Jakarta, Aktual.com – Badan Koordinasi Penanaman Modal (BPKM) mengkritisi sikap kementerian lain yang justru banyak menerbitkan regulasi penghambat masuknya dana-dana investasi, terutama dari luar negeri atau penanaman modal asing (PMA).
Kondisi itu membuat pertumbuhan laju investasi khususnya untuk PMA di kuartal I-2017 relatif stagnan. Selain masalah fluktuasi, nilai tukar juga terhambat oleh adanya regulasi yang tak bersahabat.
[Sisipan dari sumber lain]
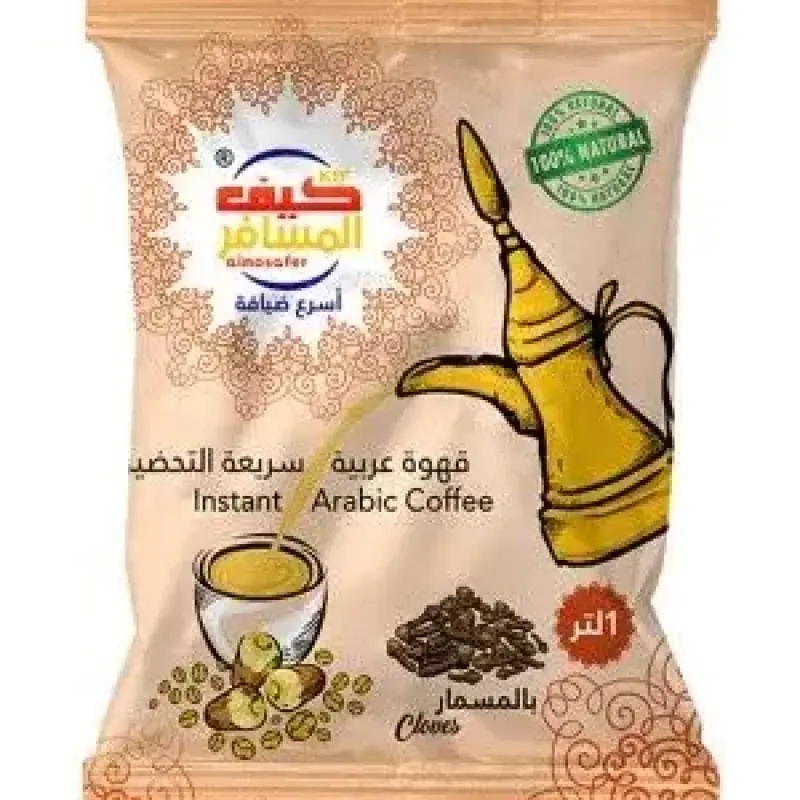 Kif Almosafer Instant Arabic Coffee Cloves 10 x 30 gm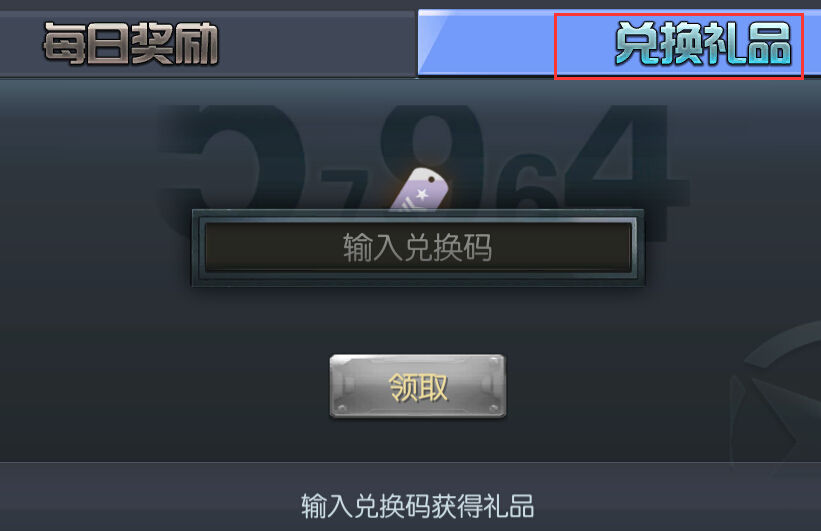 4399坦克射击礼包兑换.jpg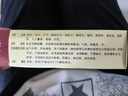 [魯南]歸芪活血膠囊 0.53g*36粒 5盒裝 曬單實(shí)拍圖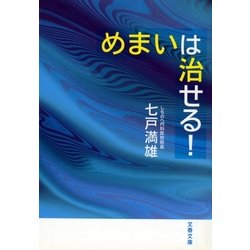 めまいは治せる! (文春文庫) めまいは治せる! (文春文庫 し 44-1) | 七戸 満雄 |本 | 通販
“Dalam beberapa bulan ini, ada sebanyak 23 Permen (Peraturan Menteri) yang cenderung menyulitkan bisnis dan investasi. Padahal, Pak Presiden di Istana awal pekan lalu membahas secara serius. Bagi saya yang bagian dari pemerintah, deregulasi dan rasonalisasi perizinan itu penting sekali,” jelas Kepala BKPM, Thomas Lembong, di Jakarta, Rabu (26/4).
Menurut Lembong, masalah pertama PMA yang lajunya stagnan di Kuartal I-2017 ini karena masalah kurs atau nilai tukar. Rupiah sering melemah sehingga nominalnya jadi sedikit.
“Risiko yang utama adalah karena masih kendornya semangat deregulasi dan masih berkurangnya momentum reformasi ekonomi,” keluh dia.
Pihaknya mencatat, dalam tempo 4-5 bulan terakhir, di saat pemerintah pusat tengah gencar melakukan deregulasi, namun ternyata banyak lahir regulasi baru dan aturan perizinan baru.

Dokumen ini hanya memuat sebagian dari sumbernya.